The present invention relates to a method of forming a pattern. More particularly, the present invention relates to a method of forming a pattern using a photosensitive organic polymer.
As the degree of integration for semiconductor devices become higher, the critical dimension (CD) of the pattern formed on a substrate decreases, and at the same time requiring more complex pattern structure. At present, it is difficult to form a photoresist pattern having narrow critical dimension and a dense structure using conventional photolithography techniques.
The art has proposed various methods of forming the photoresist pattern having a desired design. In particular, methods of forming the photoresist pattern using a non-photosensitive organic layer are disclosed in Korean Patent No. 10-396,193 and U.S. Pat. No. 6,670,106 as examples.
FIGS. 1A through 1C are views illustrating processing steps of forming the pattern disclosed in the above-mentioned patents.
Referring to FIG. 1A, a positive photoresist layer is coated on an underlying layer 21 formed on a substrate (not shown), and then a photoresist pattern 22 is exposed and developed to form an opening 25 that exposes the underlying layer 21.
Referring to FIG. 1B, a non-photosensitive organic layer 26 is formed on the photoresist pattern 22 so as to fill the opening 25, and then the non-photosensitive organic layer 26 is etched back using oxygen plasma until a top surface of the photoresist pattern 22 is exposed. Here, the opening 25 has a high step-difference with respect to the photoresist pattern 22 of more than 0.9 μm so that the non-photosensitive organic layer 26 is only slightly formed on the top surface of the photoresist pattern 22 when the non-photosensitive organic layer 26 fills the opening 25. 0.9 μm so that the non-photosensitive organic layer 26 is only slightly formed on the top surface of the photoresist pattern 22 when the non-photosensitive organic layer 26 fills the opening 25.
Referring to FIG. 1C, an entire surface of a resultant structure having the non-photosensitive organic layer 26 and the photoresist pattern 22 is exposed by light such as ultraviolet or X-ray, etc., and then the resultant structure is developed with an alkali-solution to remove the photoresist pattern 22. As a result, the non-photosensitive organic pattern 26a is formed on the underlying layer 21.
According to previously issued patents, if a pattern is formed as the non-photosensitive organic pattern 26a, the pattern may be straight (vertical type). On the other hand, if a pattern such as a photosensitive organic pattern is formed by the positive photoresist layer, the pattern may slope due to diffraction light.
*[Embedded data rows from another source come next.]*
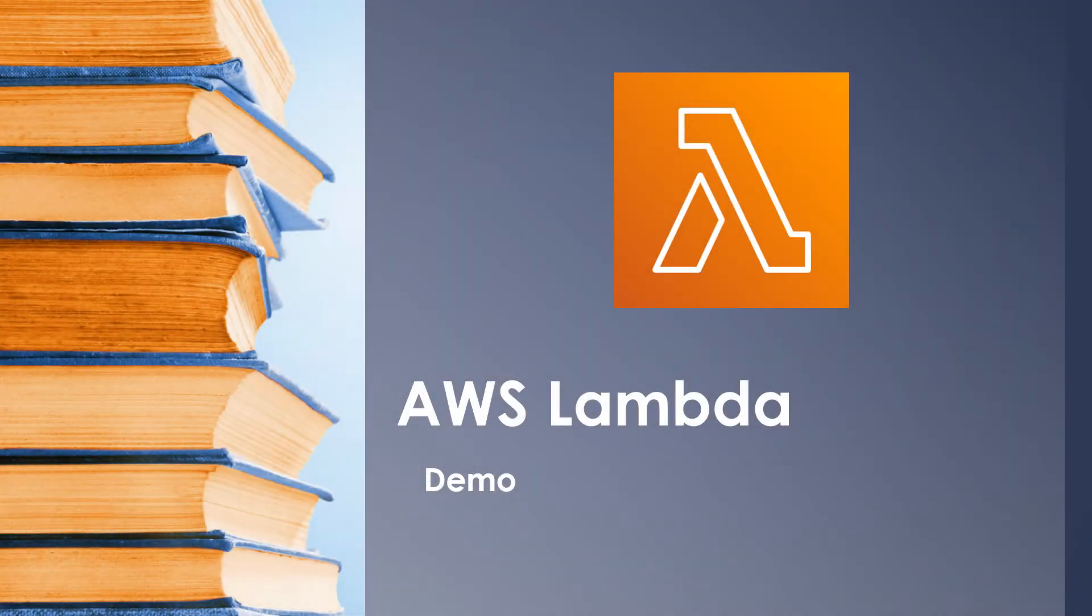Hello and welcome back to another session. In one of our previous sessions, we learned about AWS Lambda, its features and major highlights. You can find the link in the description if you haven't seen that already.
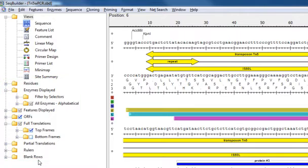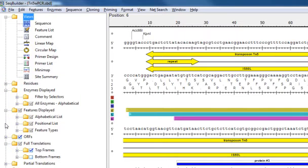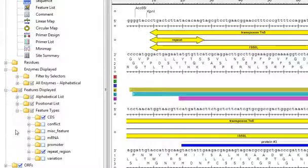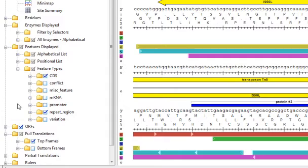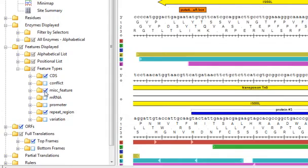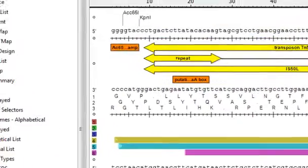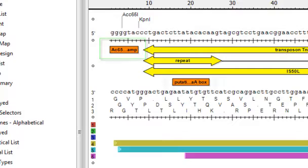For example, if I open up the Features Displayed folder, you can see that right now I'm only displaying CDS and repeat region features. But if I also wanted to display miscellaneous features, I could just select this box, and now those are displayed as well.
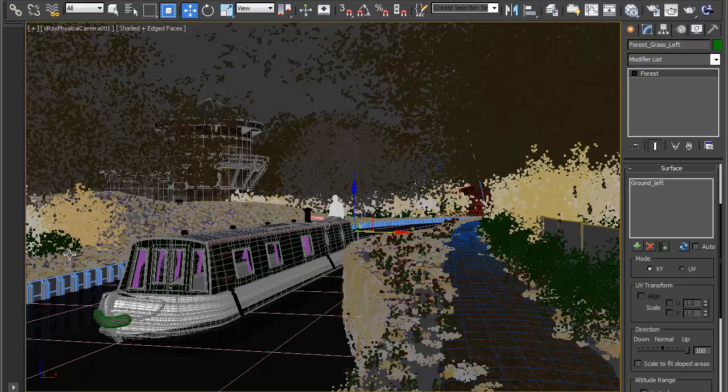That's it, that concludes the forest creation part of the tutorial. In the last section we'll add some colour variation directly from within the forest interface and we'll optimize our materials for faster rendering.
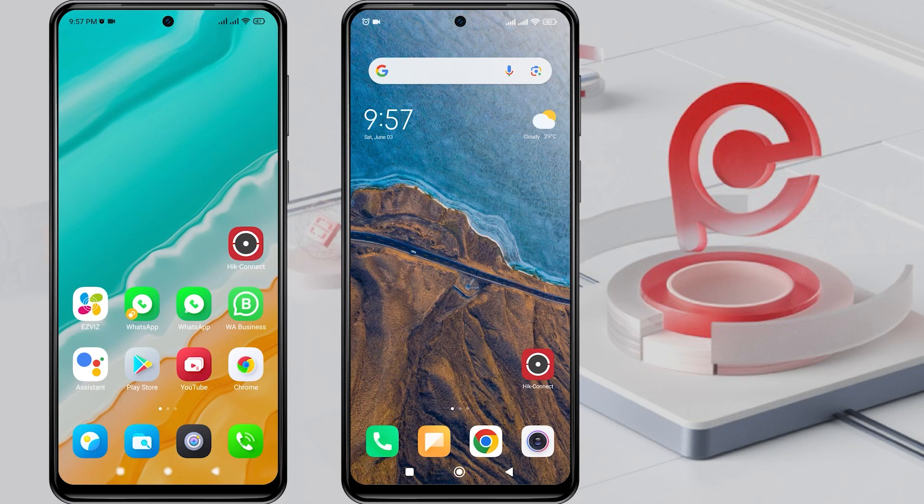Hello and welcome to my YouTube channel. Today, I will share a tutorial on how to share a HikVision device with another mobile phone.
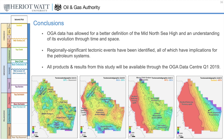To conclude, the newly acquired OGA data has allowed for a better definition of the Mid-North Sea High and an improved understanding of its evolution through time and space. Regionally significant tectonic events have been identified, all of which have important implications for the petroleum systems. In particular, major events in the overburden have been noted to have important implications for source rock maturation, migration and trap timing. All products and results of this study are available through the Oil and Gas Authority data centre website. Thanks so much for taking the time to watch this presentation — I hope it's been useful and will complement the data and report download from the website. Please do not hesitate to get in contact should you have any questions or comments, and best of luck with your exploring across the Mid-North Sea High.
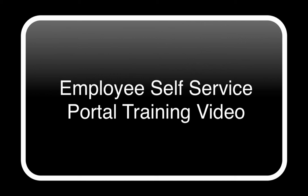Welcome to your Employee Self Service Portal training video. The next five minutes or so will provide information on how to navigate through the site as well as perform specific functions.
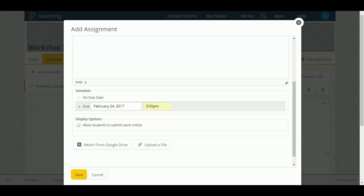And then they can submit any work via Google Drive or by uploading an attachment. If you uncheck that option, students will not have that Hand In button appear when they look at the assignment description by clicking the title.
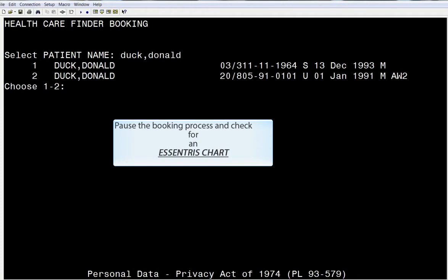This is a great place to pause the booking process, minimize CHCS, and check iSite to verify that no chart exists at this point. Once you've verified no chart exists, or have corrected an existing future chart, return to CHCS and continue.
However, as shown in FIG. 2A, when the photoresist pattern 22a having the opening 25a is formed on the underlying layer 21, there is a problem that the width of the opening 25a may decrease as the opening 25a approaches a lower portion of the photoresist pattern 22a. Thus, as shown in FIG. 2B, a contact area 30 between the non-photosensitive organic pattern 26a and the underlying layer 21a is reduced, so that the non-photosensitive organic pattern 26a leans or is separated from the underlying layer 21a during removal of the photoresist pattern 22a with the alkali-solution. These problems occur to such an extent that the critical dimension of the non-photosensitive organic pattern 26a is reduced. In particular, when a film is exposed to light having a short wavelength and high resolution to form a fine pattern, the shorter the wavelength is in the exposure process, the more an allowable limit of a DOF (depth of focus) of the light is reduced. Therefore, if the light of the short wavelength is used in the exposure process, the width of the opening 25a will become incrementally narrower, so that the defocus margin with respect to the DOF is decreased.
It is desirable to form a thin photoresist layer in order to improve the defocus margin. However, the thickness of the non-photosensitive organic pattern 26a is proportional to the thickness of a photoresist layer for forming the photoresist pattern 22a. As a result, while the underlying Layer 21a is etched, a lower portion of the underlying layer 21a is also etched because the non-photosensitive organic pattern 26a is insufficient to serve as an etching mask.